The firm failed to report or accurately report approximately 56,000 CFD transactions, did not submit any suspicious transaction reports despite identifying 97 suspicious trades post-review, and lacked effective governance, compliance oversight, and policies for its CFD desk. Additionally, three directors (Matthew Charles Kent (£83,600 fine), Stephen John Tomlin (£69,600 fine and prohibition), and Simon Tyson (£67,900 fine and prohibition)) were penalized for failing to ensure compliance with regulatory standards in their roles.
Sigma Broking Limited, a brokerage firm authorized by the FCA, expanded its business in December 2014 to include contracts for difference (CFDs) and spread bets. During the relevant period (1 December 2014 to 12 August 2016), the firm executed around 56,000 unreported or inaccurate client-side CFD transactions, breaching SUP 17.1.4R and SUP 17.4.1 EU, which require firms to submit complete and accurate transaction reports to aid the FCA in detecting market abuse. Sigma also failed to identify and report 97 suspicious transactions (potentially 24 STRs/STORs) under SUP 15.10.2R and Article 16(2) of EU MAR, submitting zero reports despite obligations to notify the FCA of reasonable suspicions of market abuse.
The firm's broader failings under Principle 3 included inadequate board governance, with infrequent meetings, no minutes, and poor management information. Compliance functions were under-resourced and unclearly allocated, leading to confusion over responsibilities for monitoring the CFD desk. Policies were outdated or absent, such as those for escalating suspicious trades or prohibiting unrecorded communications. Sigma did not prepare for EU MAR's introduction in July 2016 and lacked effective post-trade surveillance, relying on manual processes without audit trails. These issues exposed the firm to risks of market abuse, insider dealing, and financial crime, breaching SYSC 6.1.1R.

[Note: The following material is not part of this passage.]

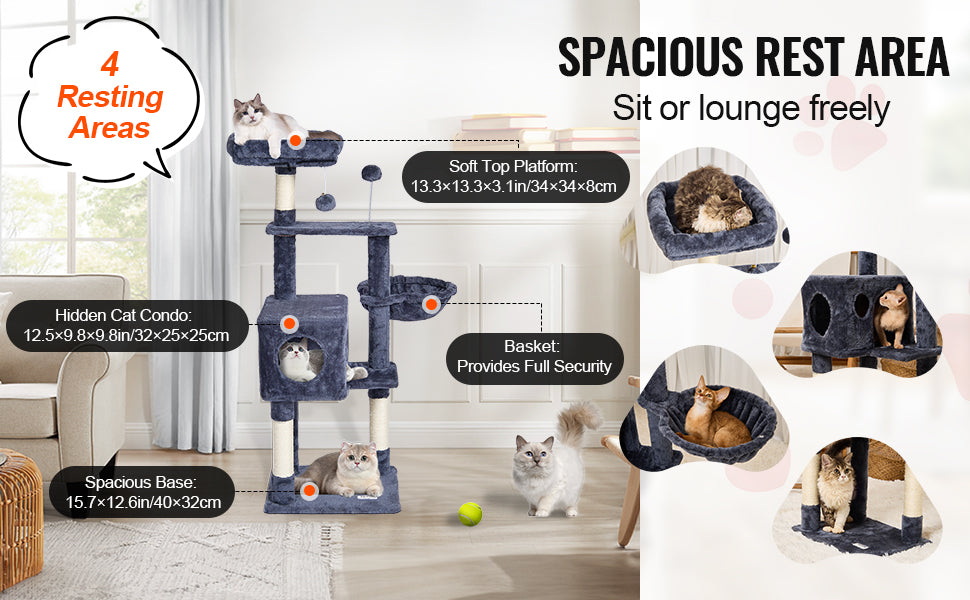 Árbol Rascador SucceBuy para Gatos de Interior | Torre con Cueva, Poste de Sisal, Hamaca y Plataformas - Gris Oscuro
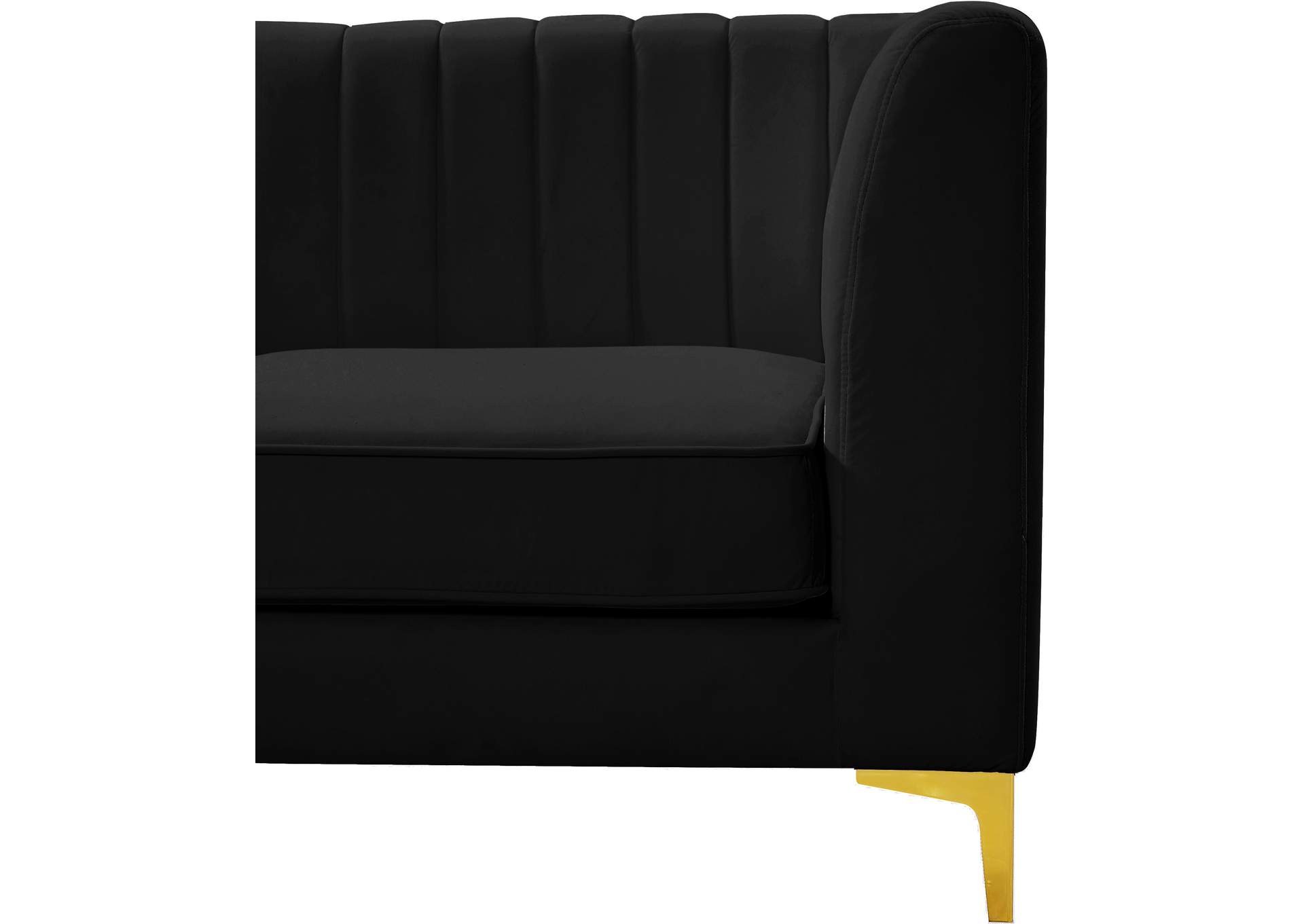 Alina Black Velvet Modular Sectional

Recording and communications controls: The firm did not monitor telephone conversations and lacked effective policies to prevent use of unrecorded personal devices, with some brokers using encrypted apps to take client orders—practices inconsistent with COBS 11.8.5AR requirements.
Post‑trade surveillance and EU MAR readiness: No effective post‑trade surveillance existed for the CFD desk, and Sigma did not adequately prepare for the introduction of the Market Abuse Regulation (EU MAR) in July 2016.
Conflicts and incentives: Brokers were paid up to 60% of net revenue, creating potential conflicts that were not adequately mitigated. Additional conflicts noted included undeclared Power of Attorney arrangements and personal loans from clients.